Dit adres stond (nog steeds) vermeld in het primaire processysteem van de administratie van de strafsector en tevens van het Ressortsparket.
Naar ik heb begrepen waren daarbij de werkinstructies van dien aard dat bij opvolging van die instructies de fout niet werd ontdekt.
Inmiddels wordt de werkinstructie aangepast, maar voor deze zaak heeft te gelden dat afhandeling van uw stelbrief niet correct heeft plaatsgevonden. Het gaat hier om een tekortkoming die is toe te schrijven aan de organisatie (in het bijzonder de administratie van de strafsector) en in ieder geval niet aan mr. Dun.
(...)
Ten behoeve van die cassatieprocedure zal deze brief aan het naar de Hoge Raad te sturen dossier worden toegevoegd."
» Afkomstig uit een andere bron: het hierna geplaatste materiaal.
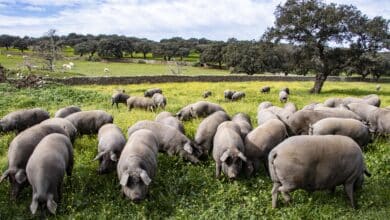 El cambio climático impacta en la dehesa extremeña: “Hay menos bellota, hay menos jamón”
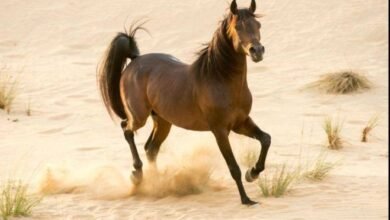 من-الصحراء-إلى-المنصات-العالمية.-الخيل-العربي-يعكس-عمق-التراث-السعودي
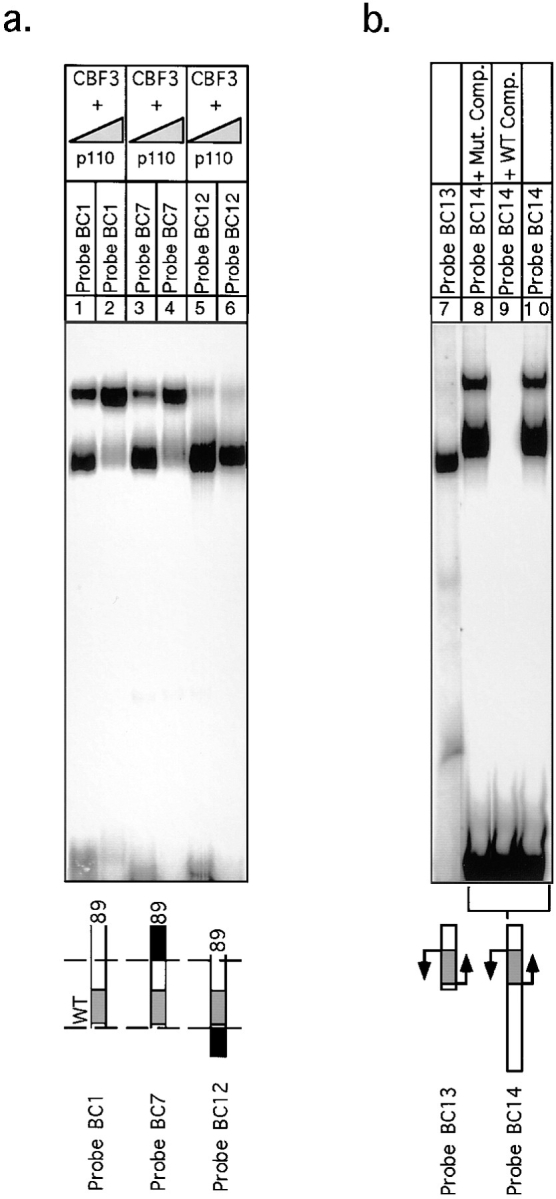 Figure 13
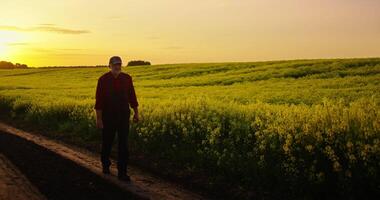 Happy Summer In Country, Portrait Of Walking Farm Worker On Blooming Rape Fields, Slow Motion video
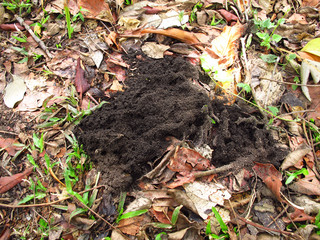Ant nest on the ground, the ground ant nest from the pile up the soil or have a scaly soil with channels that ants go in and out.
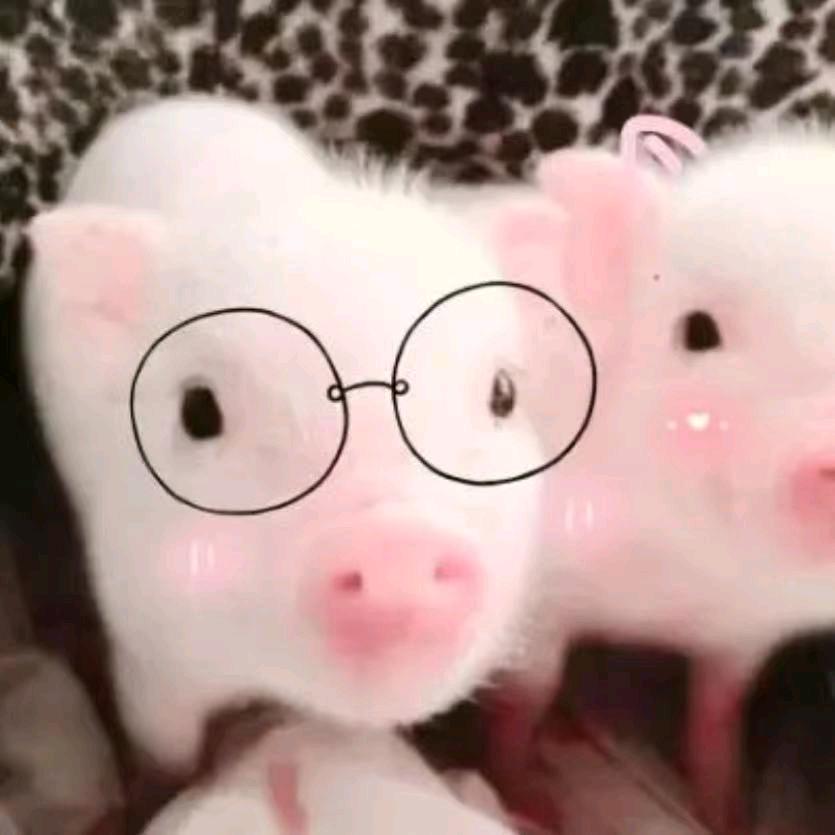 笨的可以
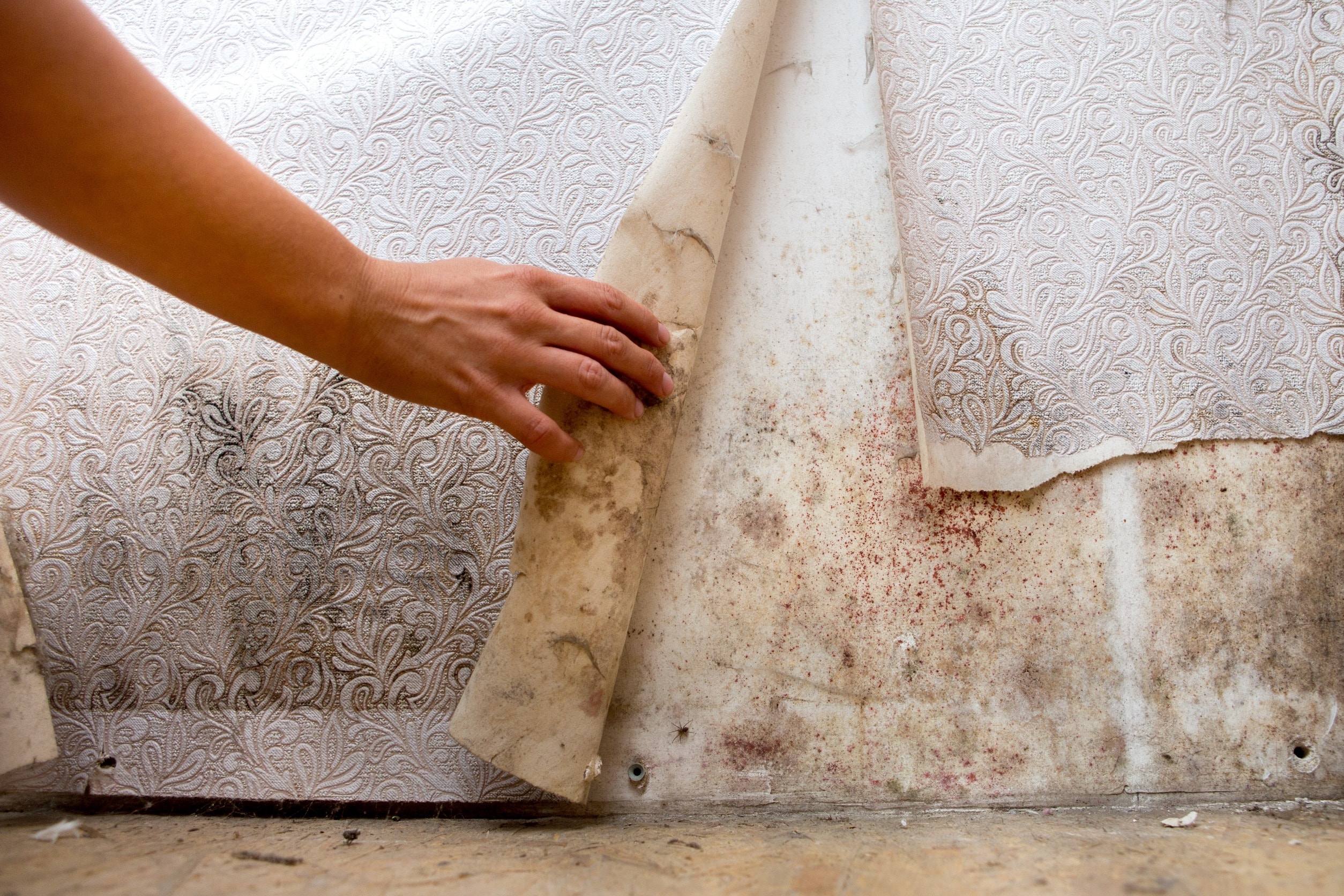 A woman peels back damp wallpaper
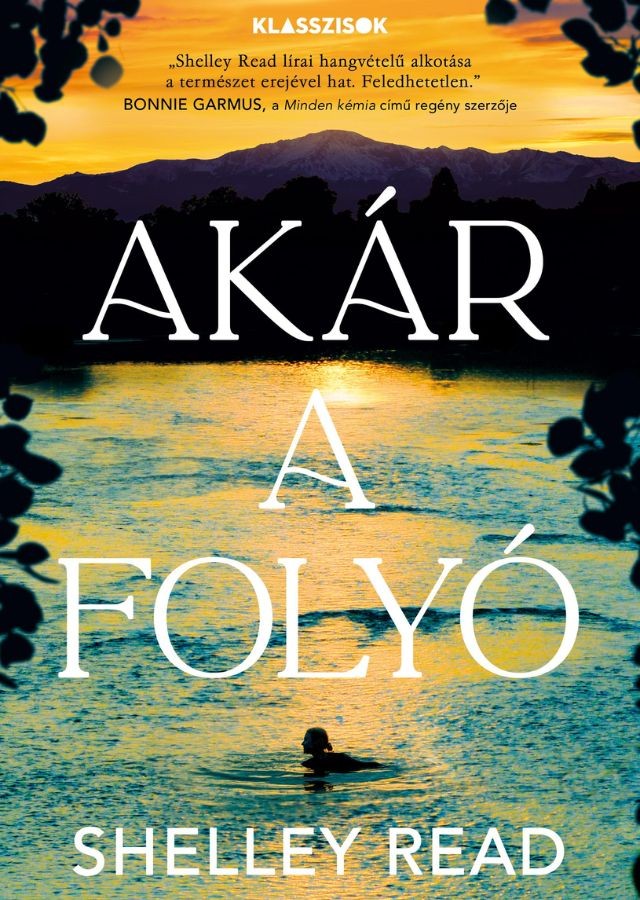 a könyv borítója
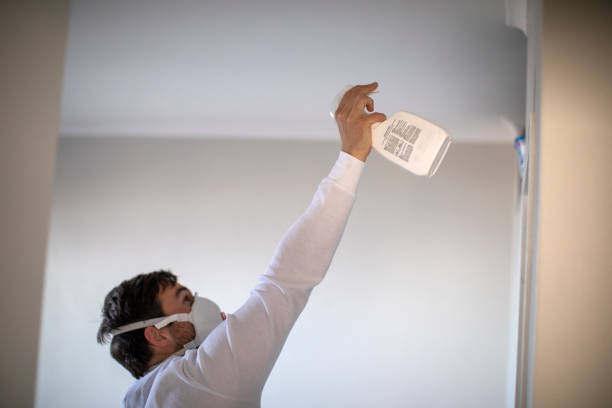 Best Emergency Mold Removal  in Mikes, TX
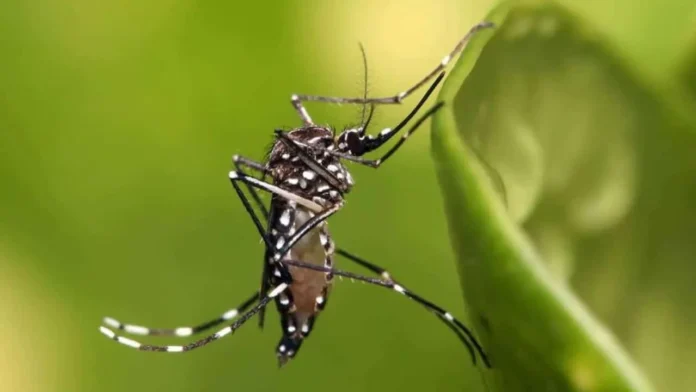 Evaluación de mosquito transgénico OX5034 en RD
2.3. Uit hetgeen hiervoor is overwogen vloeit voort dat het voorschrift vervat in de tweede volzin van art. 51 Sv niet is nageleefd.
Dit in het belang van de verdachte gegeven voorschrift is van zo grote betekenis dat, al is dit niet uitdrukkelijk in de wet bepaald, de niet-nakoming ervan moet worden geacht aan een geldige behandeling van de zaak ter terechtzitting buiten tegenwoordigheid van de verdachte en diens raadsman in de weg te staan.
Voor zover het middel daarover klaagt, is het terecht voorgesteld.
3. Slotsom
Hetgeen hiervoor is overwogen brengt mee dat de bestreden uitspraak niet in stand kan blijven, het middel voor het overige geen bespreking behoeft en als volgt moet worden beslist.
4. Beslissing
De Hoge Raad:
vernietigt de bestreden uitspraak;
wijst de zaak terug naar het Gerechtshof te Amsterdam, opdat de zaak op het bestaande hoger beroep opnieuw wordt berecht en afgedaan.
Dit arrest is gewezen door de vice-president F.H. Koster als voorzitter, en de raadsheren B.C. de Savornin Lohman en W.F. Groos, in bijzijn van de waarnemend griffier J.D.M. Hart, en uitgesproken op 5 juli 2011.